* INSTRUCTIONS FOR THE TASK
Below are the records; extract from them the line containing "Audi A8 din" to the line containing "Merkur Safety Razor #25C", both lines included, exactly and with no pictures.

* GIVEN ENTRIES

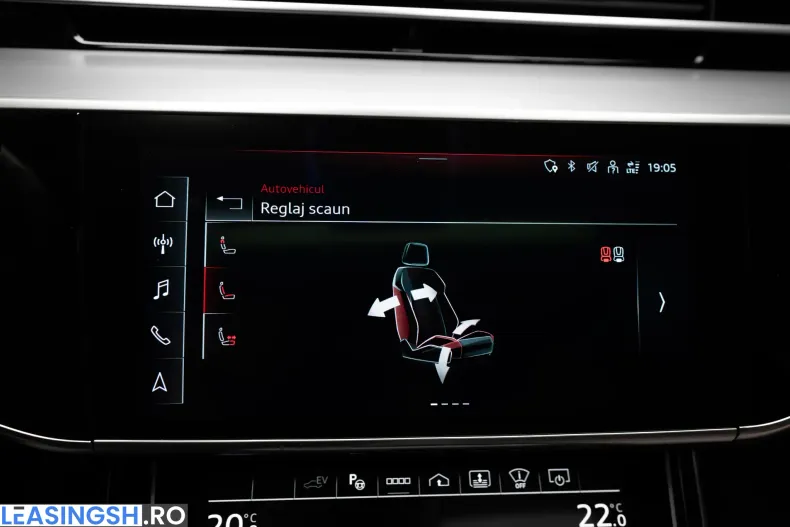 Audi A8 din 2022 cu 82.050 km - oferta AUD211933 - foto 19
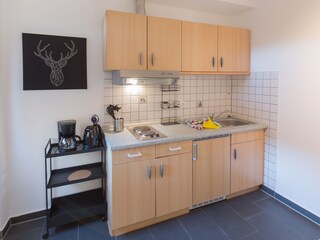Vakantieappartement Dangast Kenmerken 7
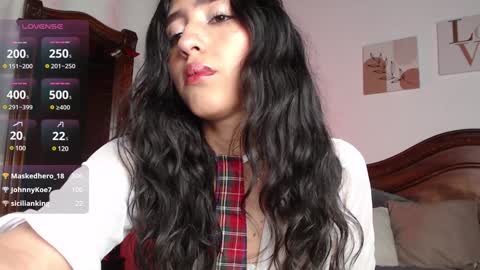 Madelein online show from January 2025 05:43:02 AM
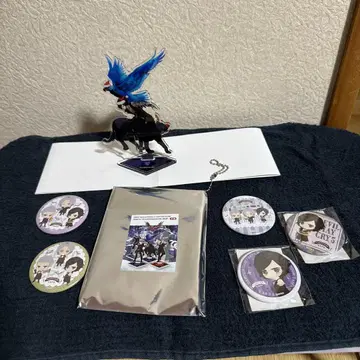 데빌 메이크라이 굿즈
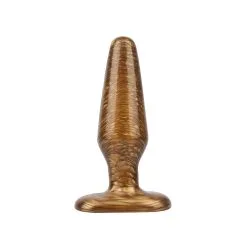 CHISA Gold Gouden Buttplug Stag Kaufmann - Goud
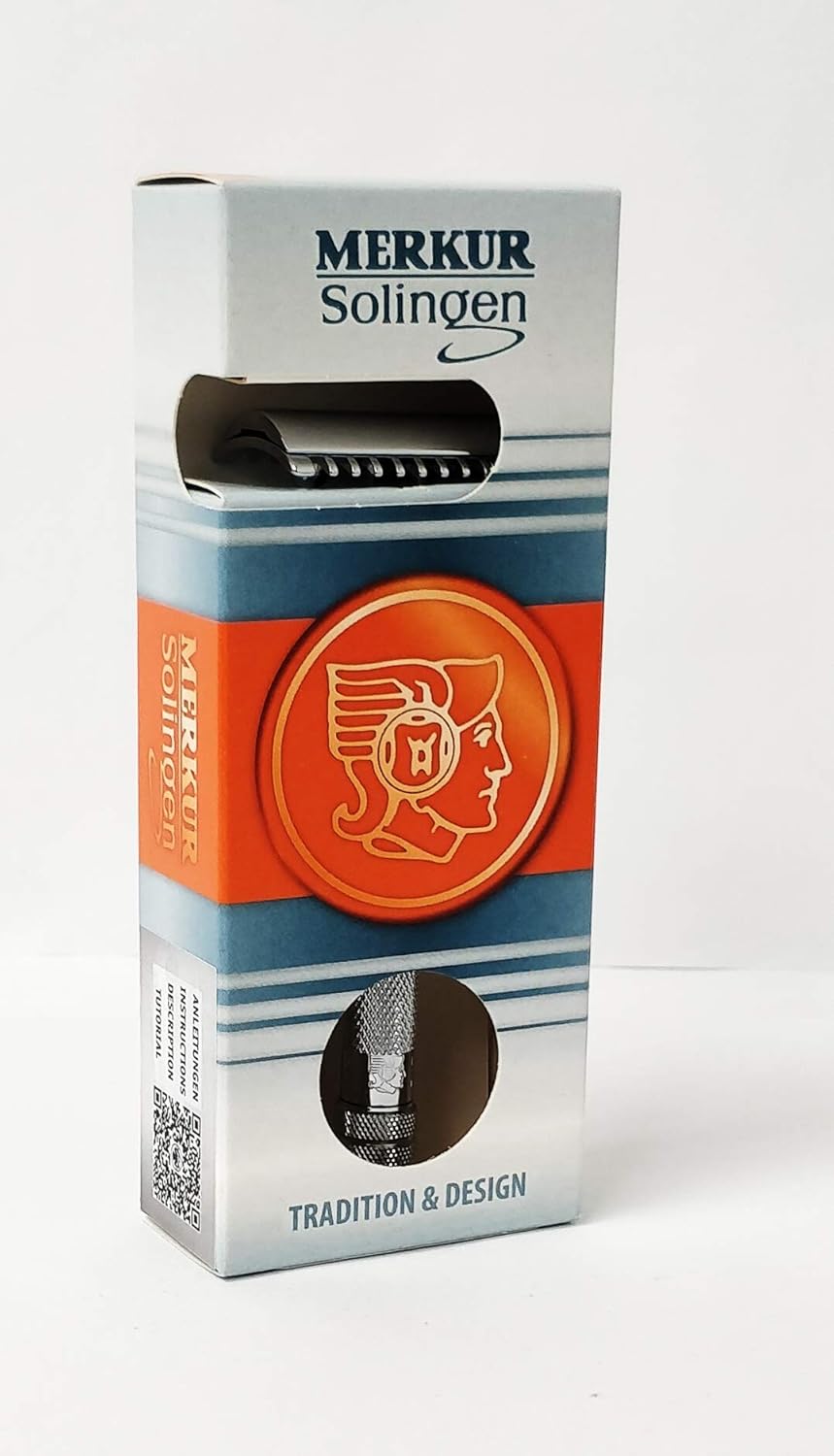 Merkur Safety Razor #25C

...

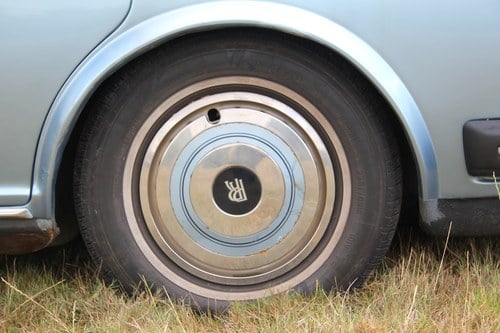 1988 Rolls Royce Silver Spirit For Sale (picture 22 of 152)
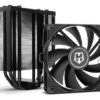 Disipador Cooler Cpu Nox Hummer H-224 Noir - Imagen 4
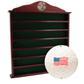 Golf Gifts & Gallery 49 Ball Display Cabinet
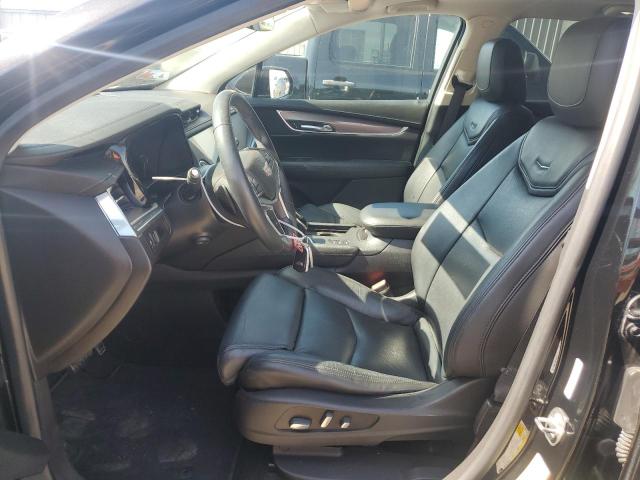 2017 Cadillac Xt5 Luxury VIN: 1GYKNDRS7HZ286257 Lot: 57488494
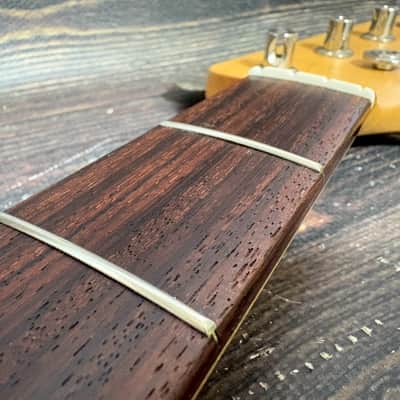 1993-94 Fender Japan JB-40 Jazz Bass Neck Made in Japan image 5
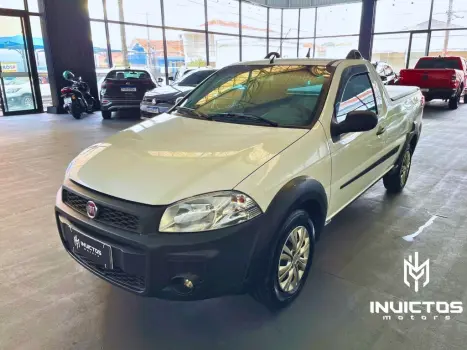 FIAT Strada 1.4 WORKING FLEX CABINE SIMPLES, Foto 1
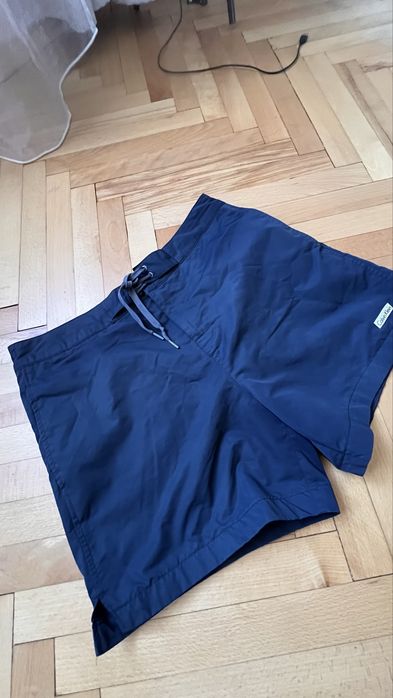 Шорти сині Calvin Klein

* * *

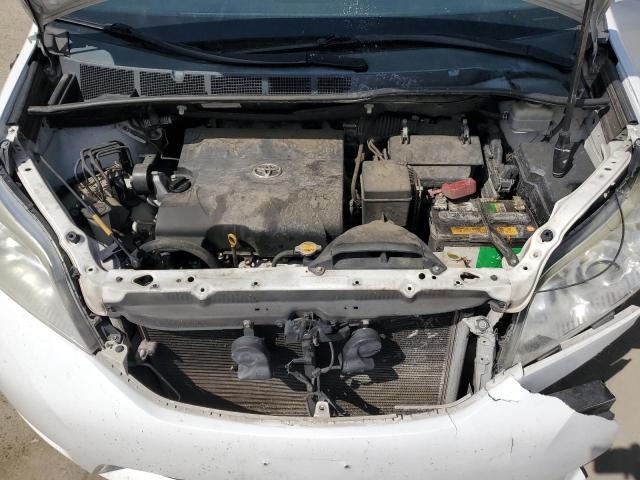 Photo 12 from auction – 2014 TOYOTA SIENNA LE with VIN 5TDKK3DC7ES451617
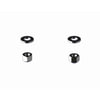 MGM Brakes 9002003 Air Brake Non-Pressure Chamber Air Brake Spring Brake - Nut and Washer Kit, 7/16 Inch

* TASK RESPONSE
 Audi A8 din 2022 cu 82.050 km - oferta AUD211933 - foto 19
Vakantieappartement Dangast Kenmerken 7
 Madelein online show from January 2025 05:43:02 AM
 데빌 메이크라이 굿즈
 CHISA Gold Gouden Buttplug Stag Kaufmann - Goud
 Merkur Safety Razor #25C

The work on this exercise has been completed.